** Task to carry out **
The answer must consist solely of the lines from the start of the records through the line containing "#우리_기적이_마시호 #MASHIHO #マシホ", restated word for word, with no pictures.

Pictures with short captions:
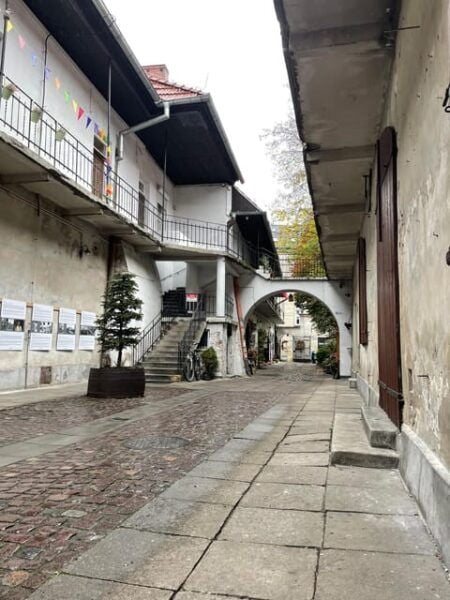 Kraków: Jewish Quarter and Ghetto Self-Guided Walking Tour - Exploring the Jewish Quarter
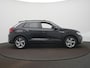 Volkswagen T-Roc 1.5 TSI R-Line Automaat - ACC - Navigatie - Stoelverwarming - Camera - Park Assist - LED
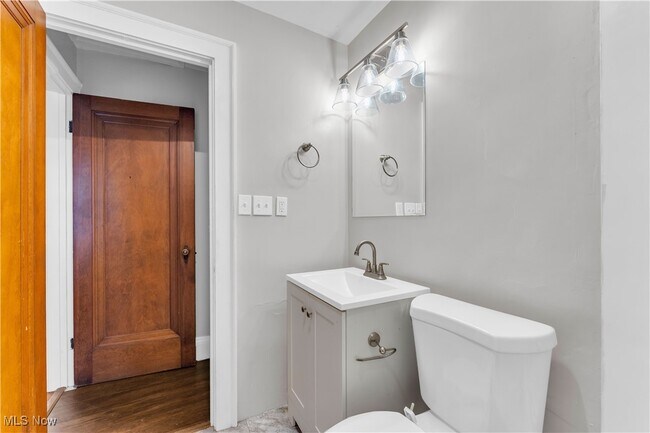 Building Photo - 10007 Parkview Ave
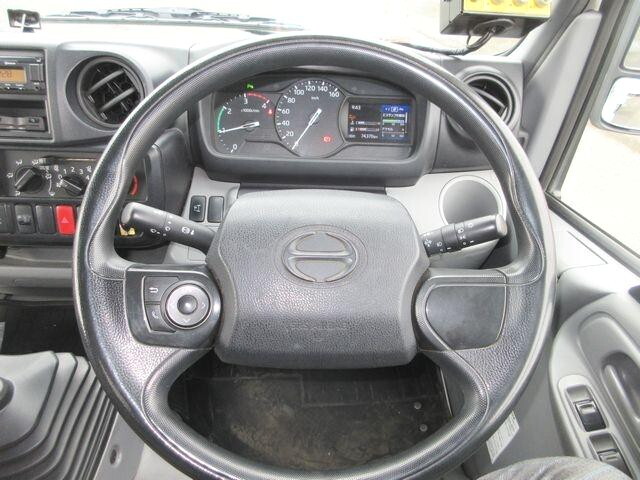 日野デュトロパッカー車（塵芥車）小型（2t・3t）[写真39]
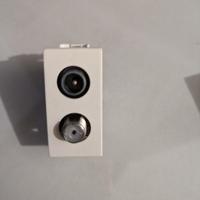 doppia presa antenna con filtro satellitare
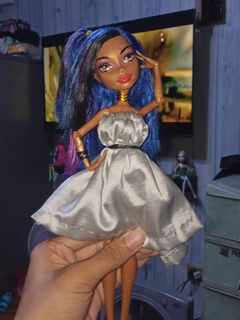 (Category: ) located in . Submitted by Miss_Prada (Listing ID 1167266560, Image 1). Description: .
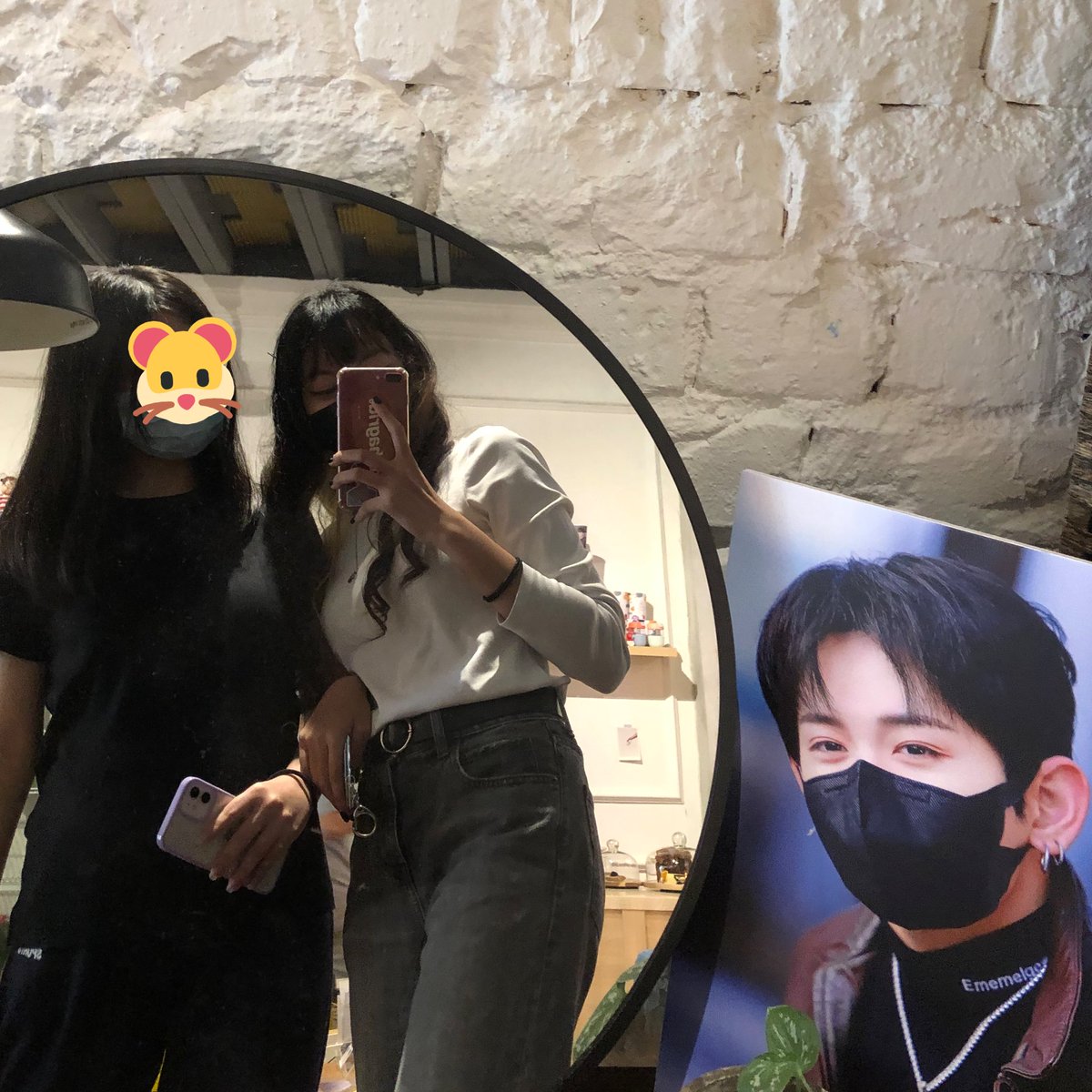 agibbanggx's tweet photo. ー tysm <3 @mashihomiracle for hosting this cafe event ><
#FOR_MASHIHO_DAY
#우리_기적이_마시호 #MASHIHO #マシホ #TREASURE @treasuremembers ♡ https://t.co/2z83wHHdY9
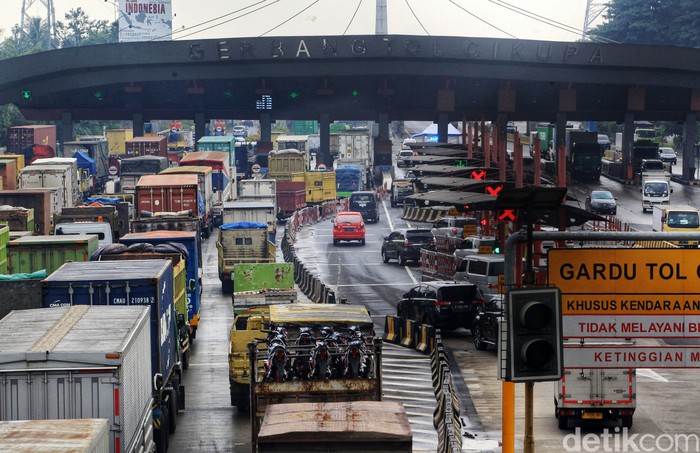 Kendaraan dari Jakarta mengarah ke Merak terpantau padat merayap saat melewati di Gerbang Tol Cikupa, Banten, Kamis (5/5/2021). Kondisi ini bertepatan dengan Hari pertama pembatasan kendaraan mudik 2021.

** Exercise response **
 Kraków: Jewish Quarter and Ghetto Self-Guided Walking Tour - Exploring the Jewish Quarter
 Volkswagen T-Roc 1.5 TSI R-Line Automaat - ACC - Navigatie - Stoelverwarming - Camera - Park Assist - LED
 Building Photo - 10007 Parkview Ave
 日野デュトロパッカー車（塵芥車）小型（2t・3t）[写真39]
 doppia presa antenna con filtro satellitare
 (Category: ) located in . Submitted by Miss_Prada (Listing ID 1167266560, Image 1). Description: .
 agibbanggx's tweet photo. ー tysm <3 @mashihomiracle for hosting this cafe event ><
#FOR_MASHIHO_DAY
#우리_기적이_마시호 #MASHIHO #マシホ #TREASURE @treasuremembers ♡ https://t.co/2z83wHHdY9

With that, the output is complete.